2. Politiques migratoires souverainistes

La politique migratoire de l’Union Africaine, en dépit des demandes convergentes sur la nécessité de contribuer au développement des pays africains pour freiner l’immigration et notamment la fuite des cerveaux, reste peu lisible. Selon R. Likibi (2010, p. 30), « l’Union Africaine apparaît paralysée par ses divisions ». Elle est incapable de résoudre les conflits nés sur son continent, de combattre les trafics de femmes et d’enfants.  Elle a élaboré des chartes de protection des migrants et des réfugiés qu’elle n’applique pas. Pourtant, partout dans le monde, la mondialisation des migrations n’est que superficiellement affectée par les politiques de maîtrise des flux et d’intégrations engagées par les pays d’accueil. À en croire J. F. Hollifield (1997, p. 7) « La montée des flux migratoires amène les gouvernements démocratiques à revoir leurs politiques de contrôle et l’accroissement des politiques étrangères déclenche des crises d’intégration, de pluralité des cultures et d’identité nationale ». Durant ces dernières années, face à une déferlante vague migratoire redoutée qui ne s’est pas produite, on a tendu à considérer que la fermeture des frontières était un cadre général et permanent alors que les principes des droits de l’homme rappellent le droit de quitter tout pays y compris le sien.
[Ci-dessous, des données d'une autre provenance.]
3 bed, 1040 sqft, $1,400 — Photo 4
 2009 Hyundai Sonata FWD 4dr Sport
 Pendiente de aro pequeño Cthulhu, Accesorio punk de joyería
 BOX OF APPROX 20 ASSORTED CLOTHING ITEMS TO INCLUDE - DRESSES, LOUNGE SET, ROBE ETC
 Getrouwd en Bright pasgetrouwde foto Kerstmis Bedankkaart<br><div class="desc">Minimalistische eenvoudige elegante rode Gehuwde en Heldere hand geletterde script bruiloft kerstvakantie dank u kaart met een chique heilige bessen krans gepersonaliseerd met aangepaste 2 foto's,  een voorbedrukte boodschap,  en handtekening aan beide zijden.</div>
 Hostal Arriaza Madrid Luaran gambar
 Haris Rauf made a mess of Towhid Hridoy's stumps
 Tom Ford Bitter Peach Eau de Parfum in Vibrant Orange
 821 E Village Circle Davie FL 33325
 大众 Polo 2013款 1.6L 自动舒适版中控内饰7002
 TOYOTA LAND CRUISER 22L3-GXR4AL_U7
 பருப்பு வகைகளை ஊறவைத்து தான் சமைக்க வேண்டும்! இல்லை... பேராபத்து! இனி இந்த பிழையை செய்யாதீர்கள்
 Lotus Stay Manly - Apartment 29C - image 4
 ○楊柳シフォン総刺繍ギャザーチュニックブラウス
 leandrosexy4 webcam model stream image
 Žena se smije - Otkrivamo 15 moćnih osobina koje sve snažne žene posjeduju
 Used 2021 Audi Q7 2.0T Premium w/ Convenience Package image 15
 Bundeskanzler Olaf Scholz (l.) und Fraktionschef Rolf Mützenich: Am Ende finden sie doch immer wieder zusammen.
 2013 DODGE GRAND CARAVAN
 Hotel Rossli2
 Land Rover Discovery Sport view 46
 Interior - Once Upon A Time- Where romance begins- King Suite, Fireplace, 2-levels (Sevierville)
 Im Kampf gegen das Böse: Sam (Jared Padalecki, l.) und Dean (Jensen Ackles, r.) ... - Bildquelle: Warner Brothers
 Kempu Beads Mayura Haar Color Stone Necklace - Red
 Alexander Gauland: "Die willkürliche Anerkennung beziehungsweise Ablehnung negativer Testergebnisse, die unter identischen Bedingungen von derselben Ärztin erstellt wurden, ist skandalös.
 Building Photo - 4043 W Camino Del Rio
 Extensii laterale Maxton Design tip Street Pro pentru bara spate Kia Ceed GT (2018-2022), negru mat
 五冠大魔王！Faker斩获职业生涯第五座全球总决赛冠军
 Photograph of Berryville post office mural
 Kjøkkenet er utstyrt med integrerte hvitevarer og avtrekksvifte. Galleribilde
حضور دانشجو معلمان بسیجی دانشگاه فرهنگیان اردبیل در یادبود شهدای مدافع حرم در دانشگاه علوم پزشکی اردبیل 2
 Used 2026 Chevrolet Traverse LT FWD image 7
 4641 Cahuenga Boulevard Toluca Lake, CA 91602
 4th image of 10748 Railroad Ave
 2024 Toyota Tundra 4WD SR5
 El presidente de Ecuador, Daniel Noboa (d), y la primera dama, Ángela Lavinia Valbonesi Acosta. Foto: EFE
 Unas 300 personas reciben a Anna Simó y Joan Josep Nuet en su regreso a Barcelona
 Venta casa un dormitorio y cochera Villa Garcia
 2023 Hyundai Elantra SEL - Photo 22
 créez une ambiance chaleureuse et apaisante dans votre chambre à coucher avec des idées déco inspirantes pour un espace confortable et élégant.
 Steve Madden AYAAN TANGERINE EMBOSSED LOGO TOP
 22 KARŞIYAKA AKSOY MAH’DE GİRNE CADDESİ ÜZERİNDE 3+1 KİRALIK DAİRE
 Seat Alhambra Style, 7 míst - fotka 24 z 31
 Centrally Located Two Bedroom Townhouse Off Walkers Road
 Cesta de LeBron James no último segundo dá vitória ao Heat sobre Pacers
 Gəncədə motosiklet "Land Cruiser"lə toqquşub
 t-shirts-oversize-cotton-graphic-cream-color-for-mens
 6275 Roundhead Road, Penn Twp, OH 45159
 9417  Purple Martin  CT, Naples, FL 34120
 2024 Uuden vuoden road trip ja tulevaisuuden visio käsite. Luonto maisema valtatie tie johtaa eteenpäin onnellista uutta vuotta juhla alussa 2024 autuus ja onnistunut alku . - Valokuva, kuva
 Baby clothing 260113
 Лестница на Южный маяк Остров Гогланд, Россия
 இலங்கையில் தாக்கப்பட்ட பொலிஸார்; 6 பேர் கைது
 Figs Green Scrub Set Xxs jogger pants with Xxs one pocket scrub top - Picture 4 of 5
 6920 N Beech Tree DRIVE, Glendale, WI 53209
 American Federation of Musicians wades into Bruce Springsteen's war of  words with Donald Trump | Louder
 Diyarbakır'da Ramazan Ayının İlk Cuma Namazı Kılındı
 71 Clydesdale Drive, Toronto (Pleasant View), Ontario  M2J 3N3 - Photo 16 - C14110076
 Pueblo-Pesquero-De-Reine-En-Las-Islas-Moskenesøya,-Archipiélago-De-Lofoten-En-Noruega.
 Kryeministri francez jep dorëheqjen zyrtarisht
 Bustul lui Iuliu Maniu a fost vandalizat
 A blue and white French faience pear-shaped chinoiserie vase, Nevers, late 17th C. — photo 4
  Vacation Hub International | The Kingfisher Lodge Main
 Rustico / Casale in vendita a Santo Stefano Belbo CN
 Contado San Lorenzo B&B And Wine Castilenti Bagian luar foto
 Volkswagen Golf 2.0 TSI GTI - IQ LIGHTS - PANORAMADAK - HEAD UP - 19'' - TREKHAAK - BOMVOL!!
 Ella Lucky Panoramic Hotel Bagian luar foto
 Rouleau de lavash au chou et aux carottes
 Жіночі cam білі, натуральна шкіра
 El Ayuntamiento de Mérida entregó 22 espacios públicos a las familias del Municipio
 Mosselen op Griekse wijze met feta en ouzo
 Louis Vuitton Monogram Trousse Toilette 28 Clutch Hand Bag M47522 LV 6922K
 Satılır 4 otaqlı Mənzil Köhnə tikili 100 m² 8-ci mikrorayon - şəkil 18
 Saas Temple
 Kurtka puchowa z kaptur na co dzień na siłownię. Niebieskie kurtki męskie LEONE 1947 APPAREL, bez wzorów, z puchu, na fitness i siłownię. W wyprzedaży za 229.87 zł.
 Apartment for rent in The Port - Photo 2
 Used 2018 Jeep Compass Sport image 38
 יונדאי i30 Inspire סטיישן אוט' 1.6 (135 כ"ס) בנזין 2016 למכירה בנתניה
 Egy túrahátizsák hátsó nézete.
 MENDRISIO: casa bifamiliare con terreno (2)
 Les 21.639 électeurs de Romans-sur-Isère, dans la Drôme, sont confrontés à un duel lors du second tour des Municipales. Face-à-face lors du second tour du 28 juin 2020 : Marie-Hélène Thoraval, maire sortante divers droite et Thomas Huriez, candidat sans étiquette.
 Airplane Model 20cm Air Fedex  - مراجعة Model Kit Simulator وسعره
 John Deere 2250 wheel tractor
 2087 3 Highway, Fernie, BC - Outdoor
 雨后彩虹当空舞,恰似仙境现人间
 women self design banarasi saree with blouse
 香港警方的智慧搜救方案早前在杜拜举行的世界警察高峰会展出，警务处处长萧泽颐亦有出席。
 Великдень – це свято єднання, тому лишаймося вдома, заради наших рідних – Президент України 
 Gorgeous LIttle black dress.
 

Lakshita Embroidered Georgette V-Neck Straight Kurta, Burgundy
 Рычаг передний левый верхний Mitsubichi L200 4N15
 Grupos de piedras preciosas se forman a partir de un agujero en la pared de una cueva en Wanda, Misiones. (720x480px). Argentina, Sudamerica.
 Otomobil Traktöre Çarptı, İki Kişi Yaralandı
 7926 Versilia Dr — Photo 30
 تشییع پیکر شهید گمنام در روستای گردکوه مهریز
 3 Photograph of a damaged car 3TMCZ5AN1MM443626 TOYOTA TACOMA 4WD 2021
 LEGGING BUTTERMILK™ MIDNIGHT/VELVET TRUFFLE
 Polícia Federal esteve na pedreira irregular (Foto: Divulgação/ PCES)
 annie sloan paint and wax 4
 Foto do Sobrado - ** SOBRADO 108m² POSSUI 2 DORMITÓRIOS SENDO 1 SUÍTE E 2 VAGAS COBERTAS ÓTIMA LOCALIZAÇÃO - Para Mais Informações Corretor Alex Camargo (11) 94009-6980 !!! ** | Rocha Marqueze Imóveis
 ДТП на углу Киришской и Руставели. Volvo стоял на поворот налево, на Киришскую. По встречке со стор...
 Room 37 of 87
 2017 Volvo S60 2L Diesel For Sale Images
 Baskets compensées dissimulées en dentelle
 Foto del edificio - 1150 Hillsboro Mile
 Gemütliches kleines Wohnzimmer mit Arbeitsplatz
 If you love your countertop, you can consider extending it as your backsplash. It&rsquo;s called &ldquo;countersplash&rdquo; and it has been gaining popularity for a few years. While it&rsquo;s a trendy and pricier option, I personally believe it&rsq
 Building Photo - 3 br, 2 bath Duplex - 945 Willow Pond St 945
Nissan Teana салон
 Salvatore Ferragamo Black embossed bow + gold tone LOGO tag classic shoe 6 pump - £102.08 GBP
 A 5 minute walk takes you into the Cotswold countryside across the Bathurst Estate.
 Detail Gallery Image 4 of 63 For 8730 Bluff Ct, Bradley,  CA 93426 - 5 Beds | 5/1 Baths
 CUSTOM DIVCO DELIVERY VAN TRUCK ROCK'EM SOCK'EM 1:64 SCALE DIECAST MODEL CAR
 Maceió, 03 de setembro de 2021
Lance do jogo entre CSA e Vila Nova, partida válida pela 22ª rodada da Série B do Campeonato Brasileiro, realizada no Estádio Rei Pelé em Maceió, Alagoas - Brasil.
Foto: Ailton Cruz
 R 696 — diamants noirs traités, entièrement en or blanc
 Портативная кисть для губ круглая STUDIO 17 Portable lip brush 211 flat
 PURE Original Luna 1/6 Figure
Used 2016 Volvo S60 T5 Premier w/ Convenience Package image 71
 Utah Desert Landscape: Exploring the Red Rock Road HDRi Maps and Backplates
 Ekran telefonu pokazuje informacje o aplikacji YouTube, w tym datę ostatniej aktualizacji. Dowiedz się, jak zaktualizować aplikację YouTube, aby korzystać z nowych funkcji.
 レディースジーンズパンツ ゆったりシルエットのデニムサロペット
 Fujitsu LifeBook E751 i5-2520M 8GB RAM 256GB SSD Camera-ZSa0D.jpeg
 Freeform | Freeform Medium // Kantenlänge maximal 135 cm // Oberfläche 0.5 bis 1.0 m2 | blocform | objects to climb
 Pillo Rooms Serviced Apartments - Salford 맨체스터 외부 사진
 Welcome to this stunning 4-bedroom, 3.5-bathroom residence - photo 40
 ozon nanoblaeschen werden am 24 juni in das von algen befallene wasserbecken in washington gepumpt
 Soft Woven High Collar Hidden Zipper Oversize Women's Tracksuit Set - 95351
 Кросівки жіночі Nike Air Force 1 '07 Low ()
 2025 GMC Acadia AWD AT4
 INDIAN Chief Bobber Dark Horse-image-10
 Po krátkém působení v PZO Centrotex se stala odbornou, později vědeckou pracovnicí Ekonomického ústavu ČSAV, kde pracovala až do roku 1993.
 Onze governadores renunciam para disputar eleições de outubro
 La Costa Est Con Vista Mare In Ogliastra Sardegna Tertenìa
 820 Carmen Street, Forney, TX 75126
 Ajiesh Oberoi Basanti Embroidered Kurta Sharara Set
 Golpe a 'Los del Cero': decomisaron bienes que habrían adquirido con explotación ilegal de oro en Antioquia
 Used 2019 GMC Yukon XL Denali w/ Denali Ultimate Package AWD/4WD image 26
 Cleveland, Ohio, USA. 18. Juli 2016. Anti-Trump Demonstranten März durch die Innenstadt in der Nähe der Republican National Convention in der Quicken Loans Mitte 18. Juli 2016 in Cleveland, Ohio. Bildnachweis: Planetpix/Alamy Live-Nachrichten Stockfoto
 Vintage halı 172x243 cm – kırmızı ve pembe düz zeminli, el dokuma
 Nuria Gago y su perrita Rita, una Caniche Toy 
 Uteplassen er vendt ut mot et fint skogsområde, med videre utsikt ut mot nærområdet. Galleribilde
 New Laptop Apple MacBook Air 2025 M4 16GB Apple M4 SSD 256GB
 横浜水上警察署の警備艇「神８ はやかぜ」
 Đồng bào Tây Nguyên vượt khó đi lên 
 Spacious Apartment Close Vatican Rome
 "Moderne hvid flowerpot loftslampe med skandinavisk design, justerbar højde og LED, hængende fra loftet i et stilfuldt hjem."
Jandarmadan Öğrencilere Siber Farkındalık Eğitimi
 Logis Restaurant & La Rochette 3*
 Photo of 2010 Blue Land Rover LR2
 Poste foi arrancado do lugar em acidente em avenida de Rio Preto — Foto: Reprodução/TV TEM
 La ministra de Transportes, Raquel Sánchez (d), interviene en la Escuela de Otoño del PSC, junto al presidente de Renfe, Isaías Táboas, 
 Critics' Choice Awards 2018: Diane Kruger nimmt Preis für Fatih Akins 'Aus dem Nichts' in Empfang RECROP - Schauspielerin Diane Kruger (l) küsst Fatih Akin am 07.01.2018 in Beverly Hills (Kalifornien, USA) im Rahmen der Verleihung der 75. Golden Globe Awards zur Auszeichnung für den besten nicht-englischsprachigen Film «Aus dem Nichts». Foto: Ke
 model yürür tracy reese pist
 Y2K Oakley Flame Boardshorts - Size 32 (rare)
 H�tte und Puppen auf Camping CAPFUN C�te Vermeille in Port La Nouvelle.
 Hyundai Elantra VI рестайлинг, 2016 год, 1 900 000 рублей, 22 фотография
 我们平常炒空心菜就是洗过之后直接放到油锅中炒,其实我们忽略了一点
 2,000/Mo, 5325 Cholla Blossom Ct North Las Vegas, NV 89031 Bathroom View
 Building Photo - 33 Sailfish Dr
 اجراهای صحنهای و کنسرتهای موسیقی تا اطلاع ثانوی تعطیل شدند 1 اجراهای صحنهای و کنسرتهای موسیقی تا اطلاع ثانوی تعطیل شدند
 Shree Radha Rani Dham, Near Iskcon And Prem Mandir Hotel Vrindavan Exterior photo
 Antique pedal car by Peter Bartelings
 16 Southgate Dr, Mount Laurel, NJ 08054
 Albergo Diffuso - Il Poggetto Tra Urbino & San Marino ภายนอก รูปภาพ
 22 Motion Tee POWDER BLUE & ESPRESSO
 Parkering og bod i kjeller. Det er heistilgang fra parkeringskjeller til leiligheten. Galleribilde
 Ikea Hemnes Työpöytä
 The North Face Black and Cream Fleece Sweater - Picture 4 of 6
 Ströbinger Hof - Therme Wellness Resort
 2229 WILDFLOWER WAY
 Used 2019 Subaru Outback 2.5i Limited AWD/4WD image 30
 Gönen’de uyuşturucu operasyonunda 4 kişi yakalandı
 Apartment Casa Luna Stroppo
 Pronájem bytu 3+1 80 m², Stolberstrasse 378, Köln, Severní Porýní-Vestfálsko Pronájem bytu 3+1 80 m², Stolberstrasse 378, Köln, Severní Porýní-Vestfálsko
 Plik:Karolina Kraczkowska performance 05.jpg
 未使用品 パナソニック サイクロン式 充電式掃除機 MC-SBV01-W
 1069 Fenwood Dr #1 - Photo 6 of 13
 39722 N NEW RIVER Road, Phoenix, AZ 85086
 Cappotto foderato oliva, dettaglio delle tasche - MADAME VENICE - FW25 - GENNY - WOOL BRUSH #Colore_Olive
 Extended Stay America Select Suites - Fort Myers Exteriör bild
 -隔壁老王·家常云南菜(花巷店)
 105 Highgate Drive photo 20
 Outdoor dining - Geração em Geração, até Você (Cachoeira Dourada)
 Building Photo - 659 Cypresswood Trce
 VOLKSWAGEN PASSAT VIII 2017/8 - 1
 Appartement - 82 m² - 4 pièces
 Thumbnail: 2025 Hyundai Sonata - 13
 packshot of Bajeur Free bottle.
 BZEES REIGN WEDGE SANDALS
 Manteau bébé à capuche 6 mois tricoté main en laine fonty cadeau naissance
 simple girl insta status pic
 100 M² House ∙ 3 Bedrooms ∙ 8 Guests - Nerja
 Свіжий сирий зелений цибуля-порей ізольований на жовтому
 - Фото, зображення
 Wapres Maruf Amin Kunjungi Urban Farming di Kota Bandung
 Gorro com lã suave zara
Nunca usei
Toutefois, la Déclaration universelle des droits de l’homme de 1948, mentionne le droit d’émigrer mais pas celui d’immigrer, sauf pour les demandeurs d’asile qui ne peuvent être refoulés. Si la Convention de Genève de 1951 relative au statut des réfugiés les protège, elle ne s’applique pas à ceux dont la vie est menacée du fait de la dégradation de leur environnement ou de la perte de leurs moyens de subsistance. Comme le fait remarquer J. F. Hollifield (1997, p. 105-106),

Il nous semble invraisemblable que les Droits de l’Homme ainsi que les droits civiques les plus fondamentaux (par exemple l’égalité de tous devant la loi) soient simplement suspendus pour les non-citoyens. Les conditions suffisantes (politiques) pour que l’immigration continue, qui sont étroitement liées aux institutions et aux lois de l’État libéral et républicain, vont donc persister, selon toute vraisemblance, même si ces institutions et ces lois sont affaiblies par les attaques venant de l’extrême droite et le manque de soutien populaire.

La plupart des pays européens sont parvenus à esquiver leurs obligations internationales en les sabotant à coups de murs érigés et de frontières fermées, ou encore de réglementations exceptionnelles et d’amendements législatifs mus essentiellement par l’absence de mobilisation d’un minimum de moyens permettant d’accueillir dignement les demandeurs d’asile.  Selon G. Noiriel (1991, p. 311), « La force politique d’une démocratie se manifeste à sa capacité d’écarter ou de tenir éloigné l’étranger et le non-semblable, celui qui menace son homogénéité ». D. Bigo (1992) voit, dans le même sens, une Europe des polices et de la sécurité intérieure.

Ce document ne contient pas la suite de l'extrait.